Naja, das sind so Maßnahmen am Rande – ein bisschen Car-Sharing, ein bisschen Bike-Sharing, mal einen Wasserstoffbus, mal drei Elektrobusse. Das ist letztlich Symbolpolitik. Der Kern dessen, wie öffentlicher Verkehr organisiert wird, muss anders finanziert werden. Im Moment werden nur Bereitstellungsdienste finanziert - so wie der Bus- und der Zugkilometer. Aber nur dann, wenn die Leute mitfahren, gibt es auch Geld, sonst eben keins.

Wie könnte sich dann also der ÖPNV beziehungsweise die Verkehrswende in der Rhein-Main-Region in Zukunft noch entwickeln?

Die Politik muss sich hier entscheiden, was sie zukünftig will. Wenn Mainz und Wiesbaden sagen, die Stadtqualität ist uns wichtig, dann muss es eine radikale Politik geben, die lautet: Das Auto gehört nicht mehr in die Städte. Es darf nicht mehr im innerstädtischen Raum geparkt werden. Zudem müssen die Gründe, warum Leute in die Stadt fahren, minimiert werden. Das permanente Pendeln mit dem Auto darf nicht mehr erlaubt sein. Man muss aber auch dafür sorgen, dass es kein Dorf mehr gibt, in dem es kein Geschäft gibt. Man muss somit auch die Dorfstruktur wieder stärken, aber eben auch kein Neubaugebiet mehr ausweisen dürfen, wo es keinen schienenbezogenen öffentlichen Verkehr gibt.

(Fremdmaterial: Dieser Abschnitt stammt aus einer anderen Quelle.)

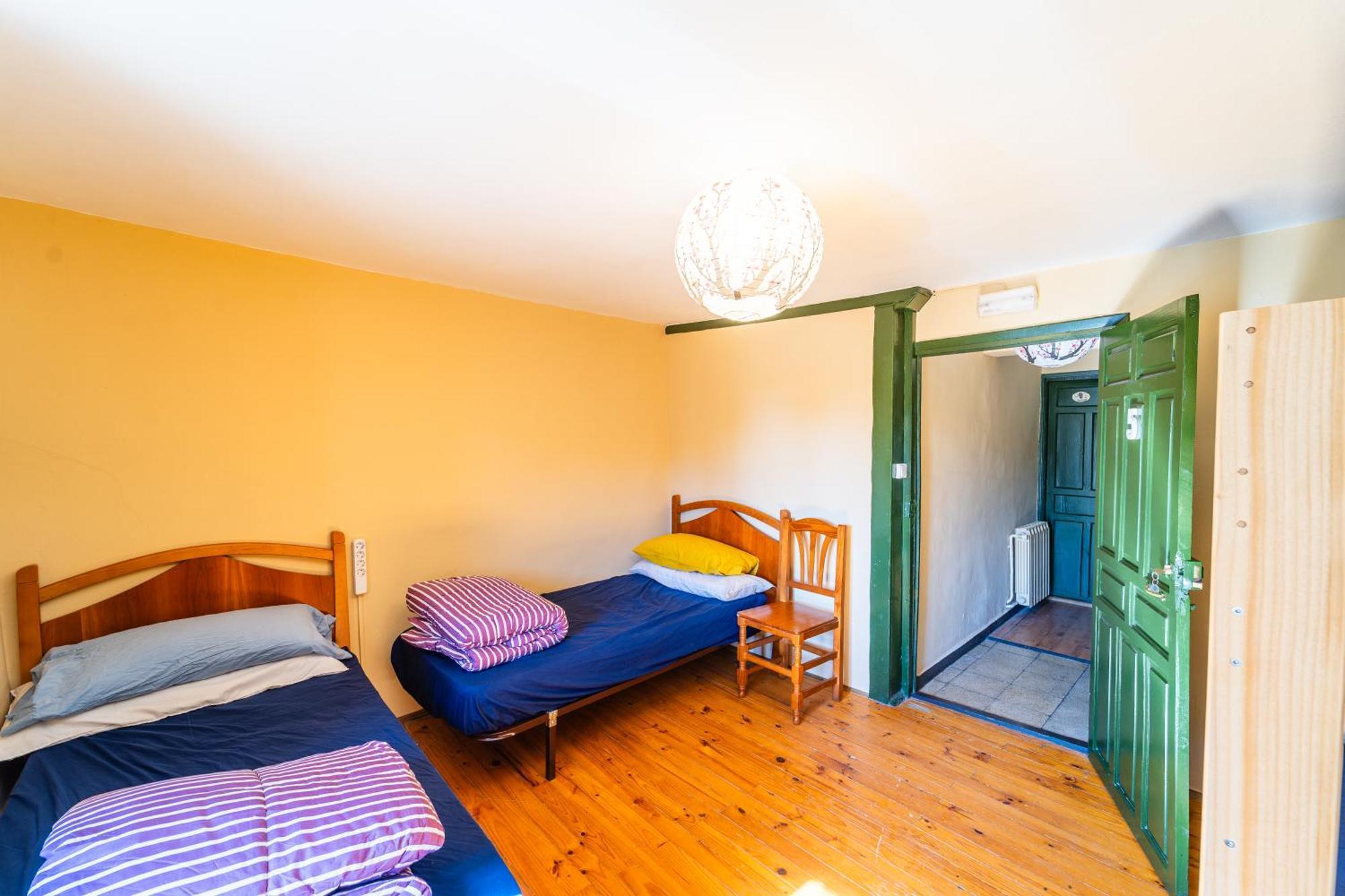 Bed 4-Bed Dormitory Room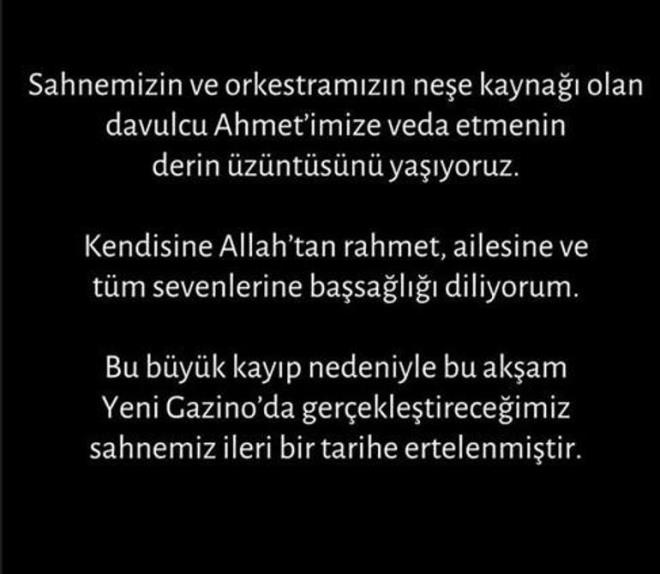 'MEKANIN CENNET OLSUN'    brahim Tatlses, uzun sredir beraber alt ekip arkada davulcu Ahmet zgi'nin lm haberini Instagram'dan takipileriyle paylat.''Sahnemizin ve orkestramzn nee kayna davulcu Ahmet?imize veda etmenin tarifsiz hzn iindeyim. Her zaman hatralarmzda yaayacak. Meknn cennet olsun, Ahmet?im...'' mesajn yazan nl trkc acsn sevenleriyle paylat.<p>''Sahnemizin ve orkestramzn nee kayna davulcu Ahmet?imize veda etmenin tarifsiz hzn iindeyim. Her zaman hatralarmzda yaayacak. Meknn cennet olsun, Ahmet?im...'' mesajn yazan nl trkc acsn sevenleriyle paylat.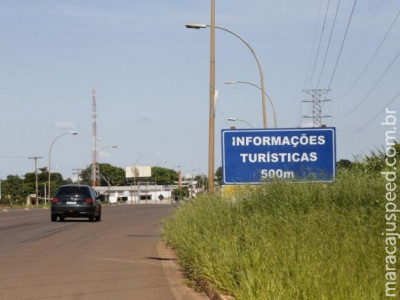 Viajantes reclamam de placa enganosa que indica haver Centro de Informações que não existe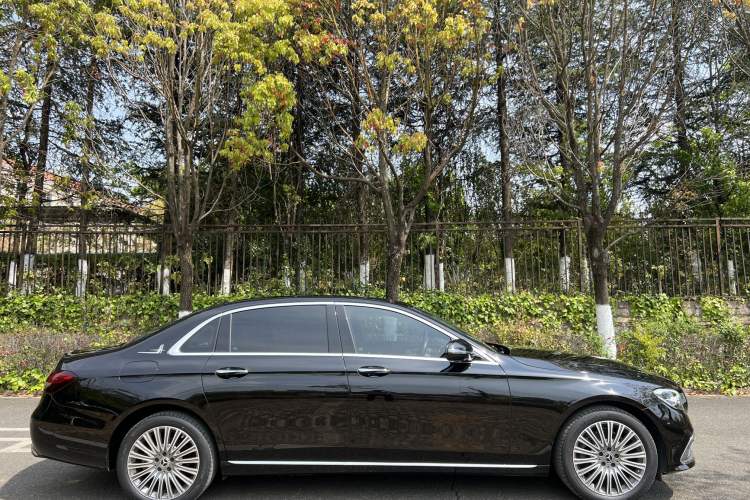 Used Mercedes-Benz E-Class 2023 Updated E 300 L Fashion Edition
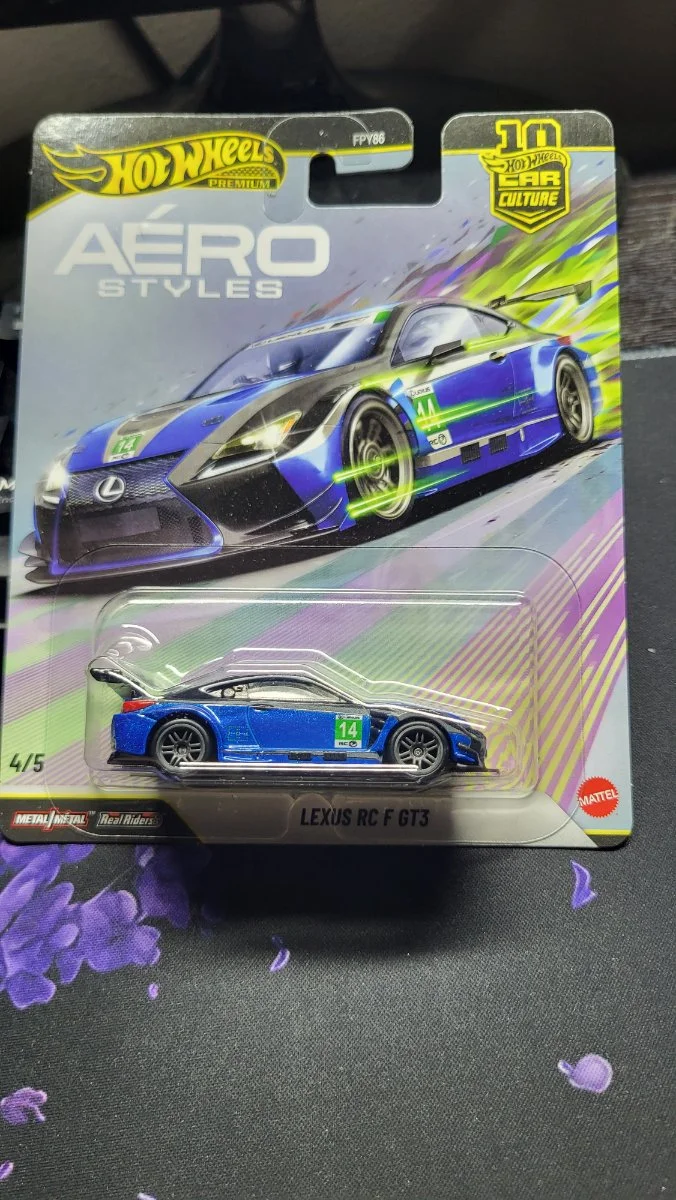 Hot Wheels Lexus RC F GT3 1:64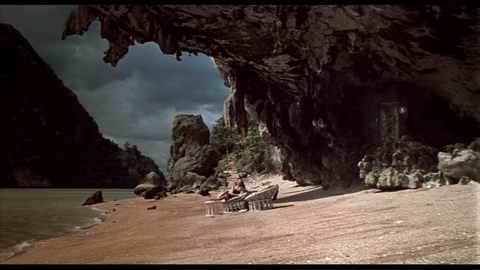 Screenshot [01] zum Film 'James Bond - Der Mann mit dem goldenen Colt'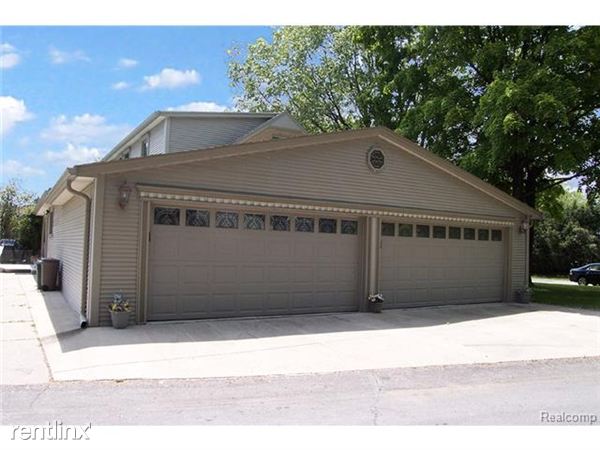Building Photo - 5730 N Melborn St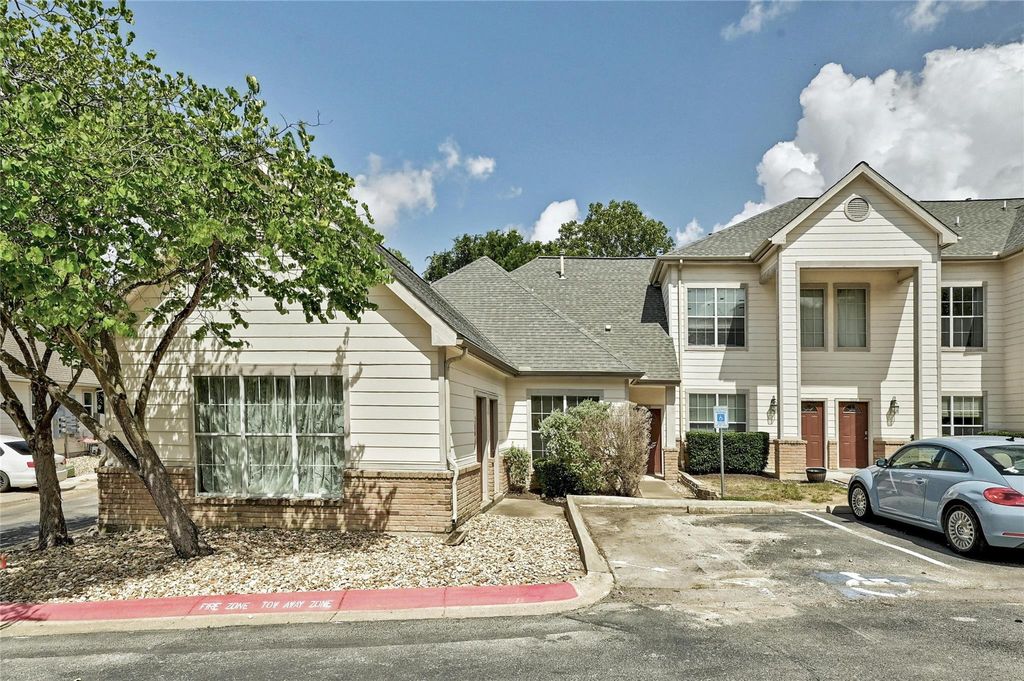 12230 Abbey Glen LN A, Austin, TX 78753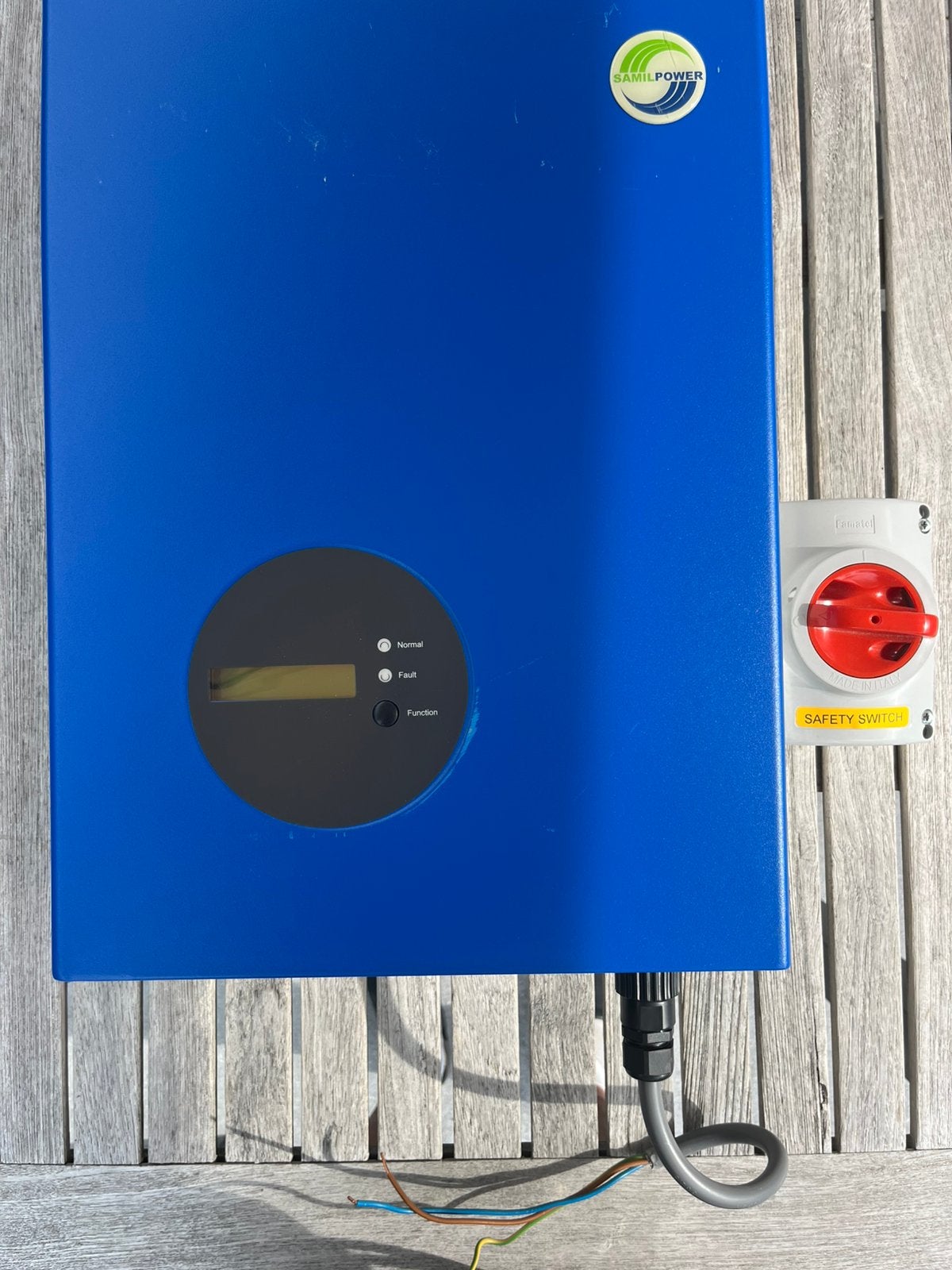 Samilpower SolarRiver 3000TL Omvormer met Safety Switch, Doe-het-zelf en Verbouw, Zonnepanelen en Toebehoren, Ophalen of Verzenden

Wir müssen also die Leute dazu bringen zu wissen, dass: 1. Das Auto nicht so bequem ist, dass ich damit überall hinfahren kann. 2. Ich auch keinen Anlass mehr haben muss, jeden Tag in die Stadt zu fahren. Und 3. Wenn man fahren muss, dann mit dem ÖPNV oder mit Poolingdiensten, indem ich auf meine App drücke und mit einem Auto mitfahre, in dem schon zwei oder drei Personen sitzen. Wir können es uns nicht mehr leisten, im Auto einen Besetzungsgrad von eins zu haben und dann in die Städte hineinzufahren.

Manche Städte denken über eine „Citymaut“ nach. Wäre das eine Option, um möglichst viele Autos aus der Stadt rauszuhalten?

Das wäre in der Tat ein probates Mittel, wenn man es marktwirtschaftlich betrachtet. Man kann also sagen: Wer ein Auto mit Verbrennungsmotor fährt und viel fährt, zahlt viel. Wer Sharing-Fahrzeuge nutzt, zahlt gar nichts.

Herr Prof. Knie, vielen Dank für das Gespräch!

*Professor Andreas Knie ist Leiter der Forschungsgruppe „Digitale Mobilität und gesellschaftliche Differenzierung“ am Wissenschaftszentrum Berlin für Sozialforschung - WZB.